Source and Description of Award

All grants of equity awards contemplated by this Policy shall be issued under the Harvest Health & Recreation Inc. 2018 Stock and Incentive Plan (the “Plan”), subject to all of the terms and conditions thereof and only to the extent that shares remain available for issuance under the Plan. The terms of the Plan are incorporated into this Policy with respect to any equity awards paid hereunder. In the event of any inconsistency between the Plan and this Policy with respect to the equity awards, the terms of the Plan shall control.
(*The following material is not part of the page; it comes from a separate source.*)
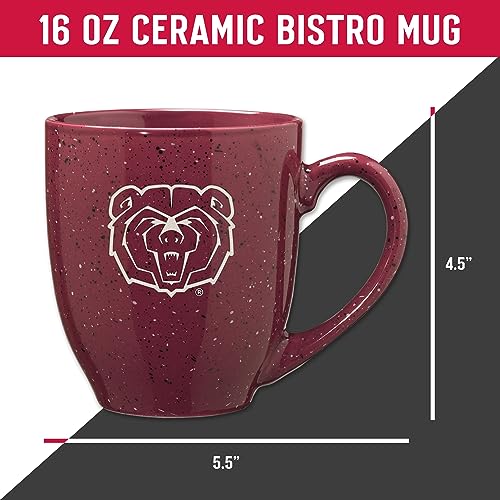 Image of Rico Industries NCAA Missouri State Bears Maroon Personalized 16 oz Team Color Laser Engraved Speckled Ceramic Coffee Mug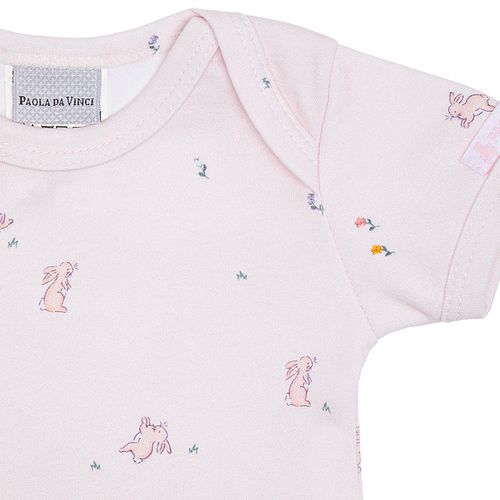 Body de Bebê Feminino Manga Curta Algodão Egípcio Coelhos - ROSA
This Policy does not constitute a separate source of shares for the granting of any equity awards hereunder.

This Policy relates to the award of Restricted Stock Units pursuant to Section 6(c) of the Plan (each, an “RSU”) and the form of Restricted Stock Unit Award Agreement substantially in the form attached hereto as Exhibit A. Each RSU entitles the holder to receive one Subordinate Voting Share of the Company’s authorized capital stock subject to vesting as provided for in this Policy.

Interim Awards

 

  Award Amount:    Upon adoption of this Policy by the Board (the “Interim Award Date”), (1) each Non-Employee Director will be the number of RSUs set forth opposite each such Non-Employee Director’s name on the attached Schedule 1 (the “Interim RSU Award”).
  Vesting:    100% of the Interim RSU Award shall vest on December 31, 2020 so long as the Non-Employee Director is, as of such date (i) serving as a member of the Board, (ii) providing services to the Company pursuant to a written agreement approved by the Board, or (iii) serving as a director, manager or providing services for any subsidiary of the Company pursuant to a written agreement


   approved by the Board (collectively, the “Services”), provided however, that if the Non-Employee Director is not providing any of the Services as a result of the Non-Employee Director’s (i) death or permanent and total disability (as defined in Section 22(e)(3) of the Code), or (ii) failure to be nominated or elected to the Board by the Company’s shareholders at any annual or special meeting of the Company’s shareholders (collectively, a “Non-Voluntary Termination”), the Interim RSU Award will vest with respect to the Interim RSU Award multiplied by a fraction the numerator of which is the number of completed days elapsed after the Interim Award Date to the date of Non-Voluntary Termination, and the denominator of which is 151 days (i.e., the number of days between the grant date and the end of 2020).

 

New Director Restricted Stock Unit Award

  Award Amount:   

Upon the initial appointment to the Board of a Non-Employee Director by the Board (the “Initial Award Date”), each such Non-Employee Director who is not the Chair of the Board will be granted an award (the “Non-Chair Initial Award”) with a target grant value of $100,000, multiplied by a fraction the numerator of which is the number days from the Initial Award Date to December 31 of the year in which the Non-Chair Initial Award was made, and the denominator of which is 365 (the “Service Period Fraction”). The number of RSUs granted on the Initial Award Date shall be computed by dividing the Non-Chair Initial Award (adjusted to Canadian dollars by multiplying the daily average exchange rate published by the Bank of Canada on the business day immediately prior to the Initial Award Date) by the closing price of the Company’s Subordinate Voting Shares on the Canadian Securities Exchange (the “CSE”) on the trading day prior to the Initial Award Date (the “Non-Chair Initial Award RSUs”).

 

In addition to the Non-Chair Initial Award, a Non-Employee Director who is appointed as the Chair of the Board on an Initial Award Date, will be granted a number of RSUs with a target grant value of $50,000 multiplied by the Service Period Fraction (the “Chair Initial Award Amount”). The number of RSUs granted on the Initial Award Date shall be computed by dividing the Chair Initial Award Amount (adjusted to Canadian dollars by multiplying the daily average exchange rate published by the Bank of Canada on the date immediately prior to the Closing Date) by the closing price of the Company’s Subordinate Voting Shares on the CSE on the trading day prior to each Initial Award Date (the “Chair Initial Award RSUs”).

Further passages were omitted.